Mathew Knowles – Yes, it is. My first book, The DNA of Achievers: 10 Traits of Highly Successful Professionals (2015) is as well. My next book is available for pre-sale, The Emancipation of Slaves Through Music and it will come out in a month. You can also go to my website to pick up a copy, I will sign the book, and ship it back to you. I am also working on a Destiny’s’ Child untold story which I hope to have around the holidays. – Excellent, and these are very compelling books with very compelling, important topics. You mentioned Destiny’s Child, you were a key component to the group’s success. Working with family can be a challenge on various levels. Is it a challenge to attempt to keep business and family relationships separate?

Mathew Knowles – It is a challenge, but it’s also a challenge for me to work with non-family members. (Laughs) Let’s really put this in perspective, is working with non-family less challenging? No! (Laughs) That is what people have to understand, it doesn’t get easier just because they are not family.
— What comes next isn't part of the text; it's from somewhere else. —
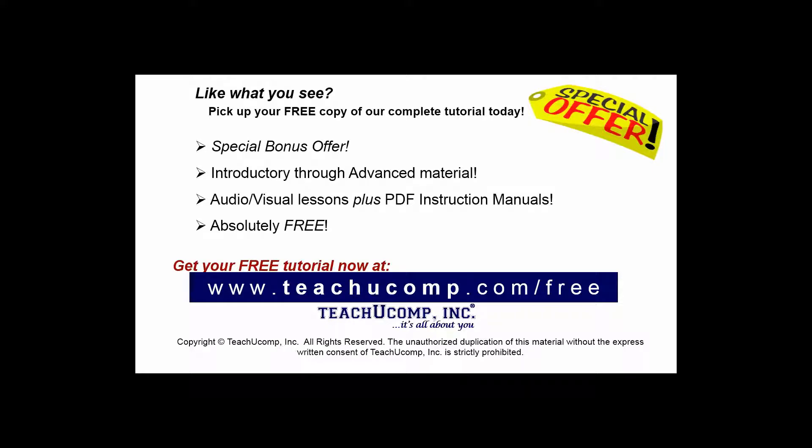Like what you see? Pick up your free copy of the complete tutorial at www.teachucomp.com forward slash free.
In some ways it’s easier with family because you can be blatantly honest. Also, there is a trust that is there when it’s family. In the music industry, or any business, there has to be a trust between the two parties.

That is some of the positive things. Some of the negative things is, how do you separate business from family? How can you sit at the dinner table, and instead of talking about how was your day, it somehow gets into business. You can never get that business out of the household, everything ends up about business. That’s the difficulty.  

Music World Gospel
Saint Records/Columbia Records – That is understandable. You are right, there is a level of trust you have with family and you can also be more blunt with family.
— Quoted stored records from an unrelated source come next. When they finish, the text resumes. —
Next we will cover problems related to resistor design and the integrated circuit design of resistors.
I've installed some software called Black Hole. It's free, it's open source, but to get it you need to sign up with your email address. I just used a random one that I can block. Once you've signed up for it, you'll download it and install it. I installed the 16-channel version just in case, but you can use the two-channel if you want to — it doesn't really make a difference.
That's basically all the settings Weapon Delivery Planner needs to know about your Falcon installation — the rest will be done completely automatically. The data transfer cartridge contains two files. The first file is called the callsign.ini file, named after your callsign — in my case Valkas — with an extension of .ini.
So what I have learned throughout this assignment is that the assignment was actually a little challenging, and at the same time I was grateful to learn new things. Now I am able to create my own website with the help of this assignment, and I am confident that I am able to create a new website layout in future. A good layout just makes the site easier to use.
Mathew Knowles – Exactly. It has some positives, and to me it has more positives than negatives. – Agreed, the positives outweigh the negatives. Last question. CrypticRock covers movies as well, particularly Horror and Sci-Fi. If you are a fan of either genre, do you have any favorites?

Mathew Knowles – Science Fiction I love. I just flew my wife and I from Istanbul to Houston and there were 3 different movies on the plane about going to Mars. I can tell you more about Mars than I ever knew. (Laughs) I just love Science Fiction because I love technology. I get engaged with Science Fiction, technology, and change, that has always been something I’ve loved. – Science Fiction is great because it is truly unlimited. There are so many topics that can fall under the genre.

Mathew Knowles – Yes. I was just on a panel around a month ago talking about film. We used an example, if you take the music out of a film. The music brings the film to life and a lot of people do not understand the importance of music in a movie or television. What I did was take all the music out of the Lion King, gave the audience about 2 minutes of it. Then I played it with the music – it was like night and day how music brought it to life. At Music World, we did the Dreamgirls soundtrack (2016), Cadillac Records soundtrack (2008), The Pink Panther (2006), Bring it On (2000), and All or Nothing (2002). A lot of people don’t know all of the many things we have done here at Music World.